TRIBUNNEWS.COM, JAKARTA - PT Pertamina (Persero) harusnya bersikap profesional karena mengaku telah mengalami kehilangan pendapatan sebesar Rp 19 triliun dalam kurun waktu Januari hingga September 2017.
Pertamina kata Anggota Komisi VI DPR Ihsan Yunus semestinya fokus karena mereka harus bisa jadi agent development.
"Pertamina sebagai BUMN yang menurut saya paling strategis dan menopang perekonomian kita. Harusnya bekerja profesional," ujar Ihsan di Jakarta, Selasa (22/11/2017).
Menurut dia, Pertamina sebagai BUMN perminyakan merupakan tulang punggung pendapatan negara.
Politikus PDI Perjuangan ini juga tidak menerima alasan yang diungkapkan oleh Pertamina terkait penyebab kerugian tersebut.

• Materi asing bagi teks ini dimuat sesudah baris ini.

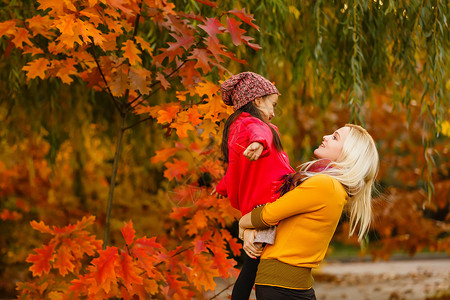 秋天你好毛笔字你好 秋天在城市公园的帽子室外 笑着微笑的年轻母亲和女儿 在秋天玩得开心背景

Ihsan menilai ada kelalaian dalam pengelolaan Pertamina sehingga menyebabkan kerugian terjadi.
"Jika sistemnya yang salah kita harus perbaiki dan kalau direksinya yang salah kita harus ganti. Termasuk posisi dirutnya," tegas Ihsan.
Sebelumnya, manajemen Pertamina di bawah Elia Massa Manik mengklaim penugasan BBM satu harga dari pemerintah memberatkan keuangan perusahaan plat merah.

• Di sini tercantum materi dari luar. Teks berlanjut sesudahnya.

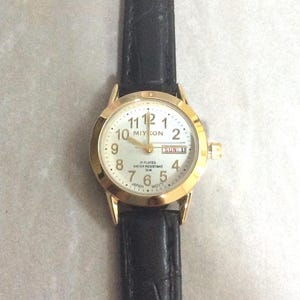 MIYKON Damen-Golduhr mit rundem, weißem Day & Datum-Zifferblatt mit nummerierten Goldstunden auf einem schwarzen Lederband.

Namun, hal itu dibantah oleh anggota Komisi VI DPR Eni Maulani Saragih.
"Rp 19 triliun ini apakah karena beban penugasan terlalu berat atau ada proyek-proyek menguap atau karena kebocoran subsidi,"ujarnya.
Anggota dewan dari Fraksi Partai Golkar ini pun meragukan klaim Pertamina tersebut.
"Jadi harus melakukan audit forensik karena ini kan cukup besar. Apalagi cuma dari Januari sampai September dan hanya karena penugasan BBM satu harga," jelas dia.
Komisi VII juga akan segera memanggil pihak Pertamina untuk konfirmasi kerugian yang terjadi. Sebab, Eni mengaku sanksi penyebab Pertamina merugi hanya karena program BBM satu harga.
"Apalagi program ini belum sukses seperti yang dicita-citakan Pak Jokowi bahwa program satu harga sampai ke seluruh rakyat Indonesia. Sebab, pada kenyataannya program ini masih satu harga pada tingkat pengecer, belum sampai ke konsumen akhir," ucap dia.